Task objective: In the records below, find the line with "JW Anderson Tassen" and repeat exactly every line from it through the line with "Ivory Light Tumbled 3x6 Travertine Tile". Pictures stay out.

Input:
------------------------------------------------------------------------
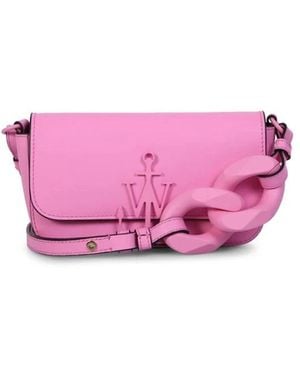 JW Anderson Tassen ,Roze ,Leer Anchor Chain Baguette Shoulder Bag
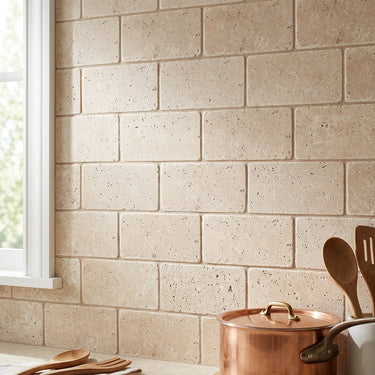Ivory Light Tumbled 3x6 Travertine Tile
------------------------------------------------------------------------
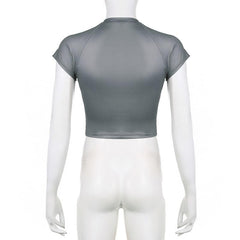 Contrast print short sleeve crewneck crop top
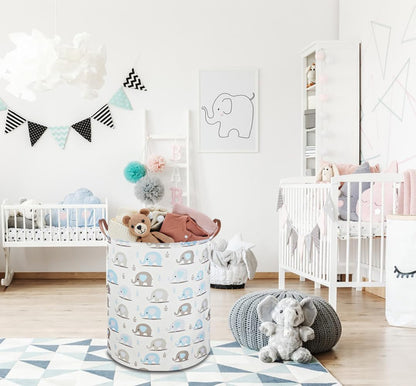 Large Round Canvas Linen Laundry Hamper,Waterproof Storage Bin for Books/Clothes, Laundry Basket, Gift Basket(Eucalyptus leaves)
------------------------------------------------------------------------
Result of this task:
 JW Anderson Tassen ,Roze ,Leer Anchor Chain Baguette Shoulder Bag
Ivory Light Tumbled 3x6 Travertine Tile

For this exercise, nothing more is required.